> _How to complete this task_
In the material below, the line holding "ED EXCITING DESIGN" and every line after it should be reproduced exactly, please, with pictures omitted.

> _Material provided_
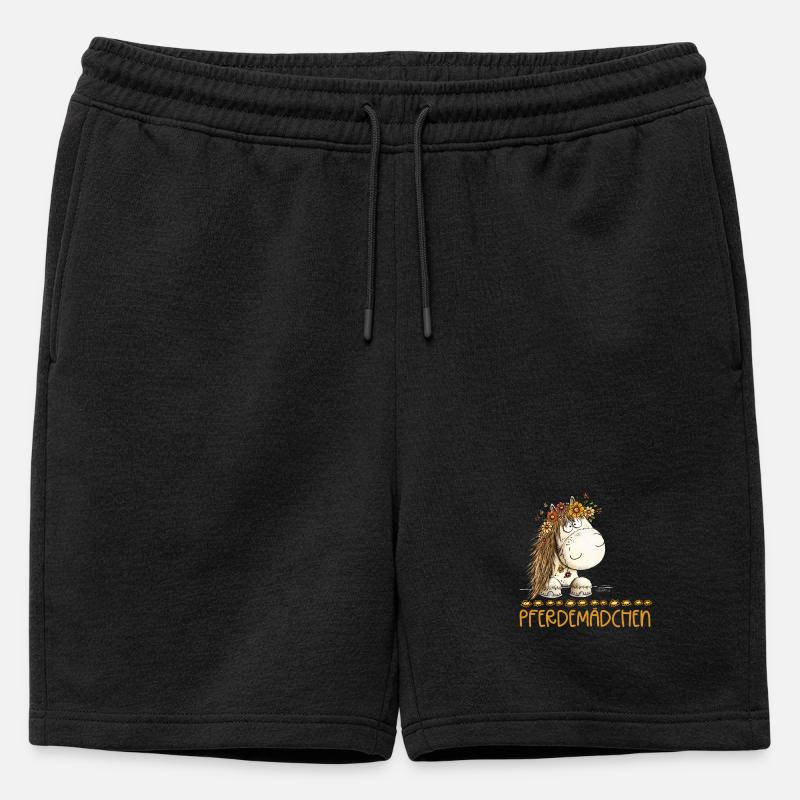 Pferdemädchen Spruch Mit Süßem Pferd - Männer Premium Organic Sweatshorts - Schwarz
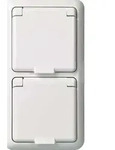 Elso 225414 Schutzkontakt-Steckdose 2-fach (Komplettger&auml;t) mit Klappdeckel und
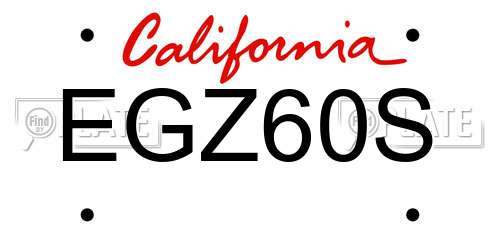 EGZ60S California License Plate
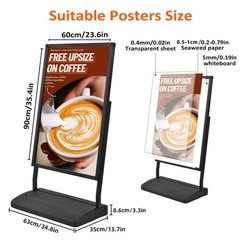 24″x36″Heavy-Duty Double-Sided Floor Standing Sign Holder Outdoor/Indoor Display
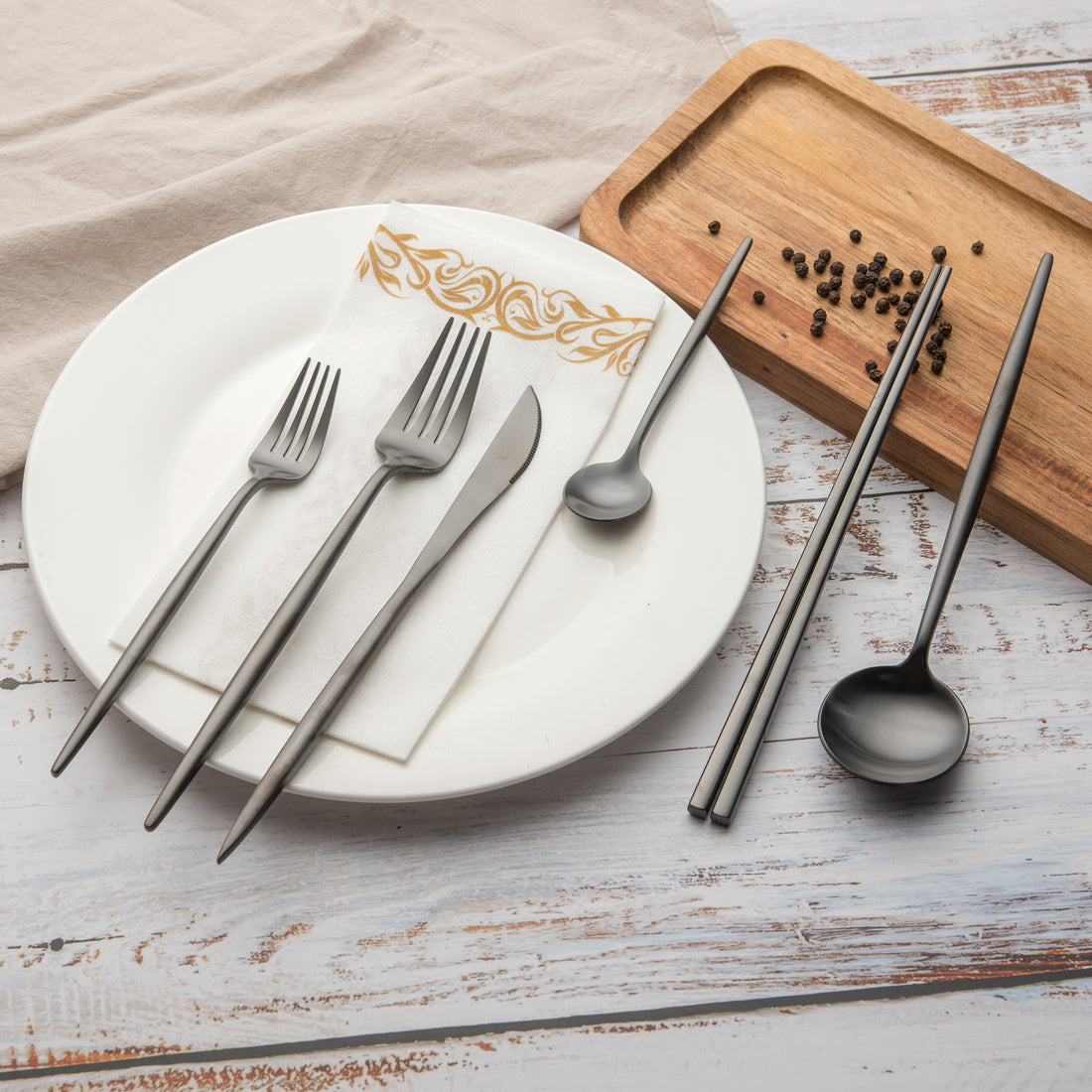 matte black silverware set stainless steel cucharas para comer enedores cubiertos de acero inoxidable Dorados palillo chinos juego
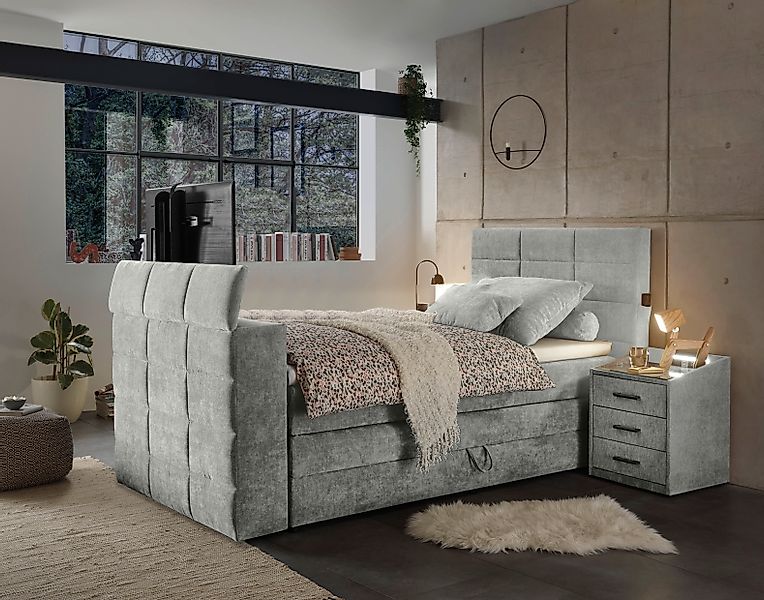 ED EXCITING DESIGN Boxspringbett »Denver«, mir motorisierter TV-Halterung b günstig online kaufen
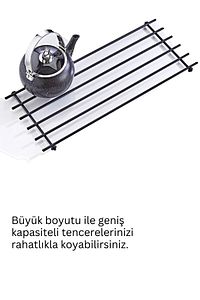 Paslanmaz Yanmaz Siyah Metal Büyük Nihale- Isıya Dayanıklı Mutfak Tezgahı Koruyucu Şık Metal Nihale ürün fotoğrafı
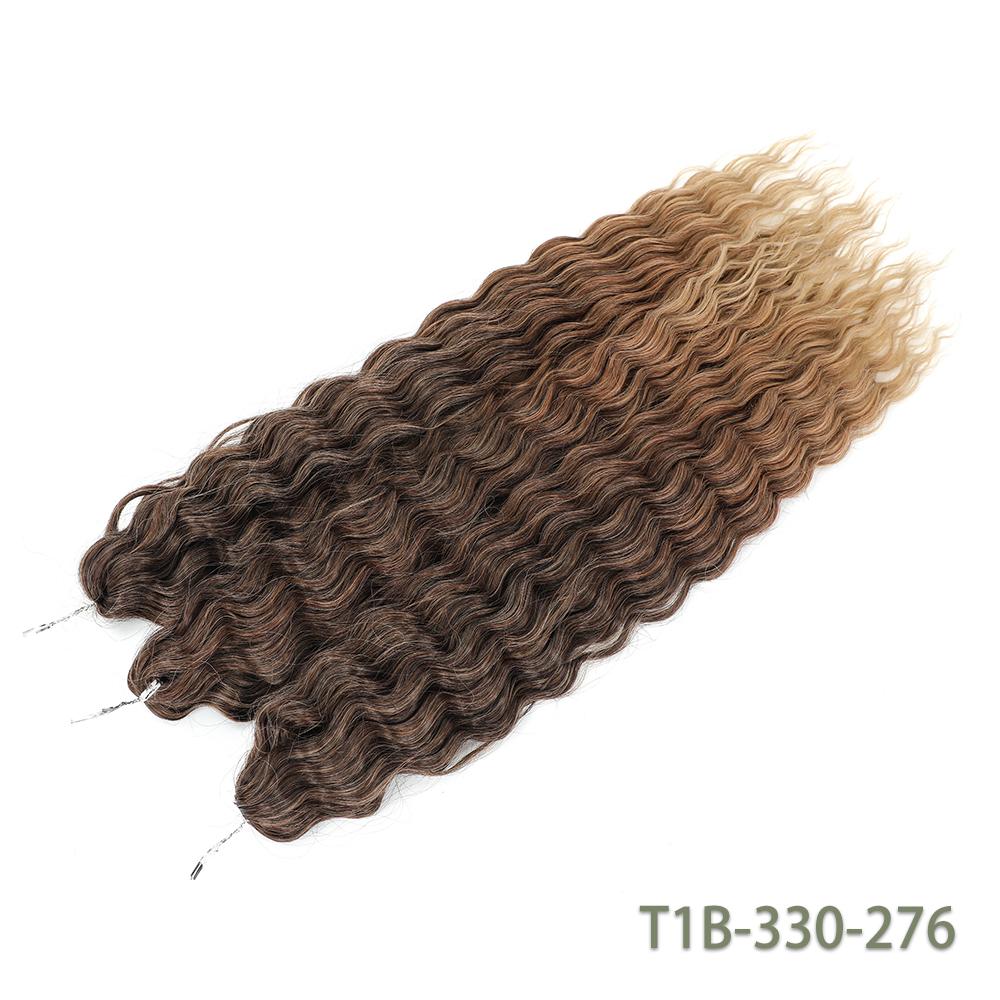 For Twist Crochet Synthetic High-Temp Machine Double Weft 22 Inches 300g 3Pcs/Lot#1B #4 BUG2 Water Wave Extensions Braid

> _Solution for this task_
 ED EXCITING DESIGN Boxspringbett »Denver«, mir motorisierter TV-Halterung b günstig online kaufen
 Paslanmaz Yanmaz Siyah Metal Büyük Nihale- Isıya Dayanıklı Mutfak Tezgahı Koruyucu Şık Metal Nihale ürün fotoğrafı
 For Twist Crochet Synthetic High-Temp Machine Double Weft 22 Inches 300g 3Pcs/Lot#1B #4 BUG2 Water Wave Extensions Braid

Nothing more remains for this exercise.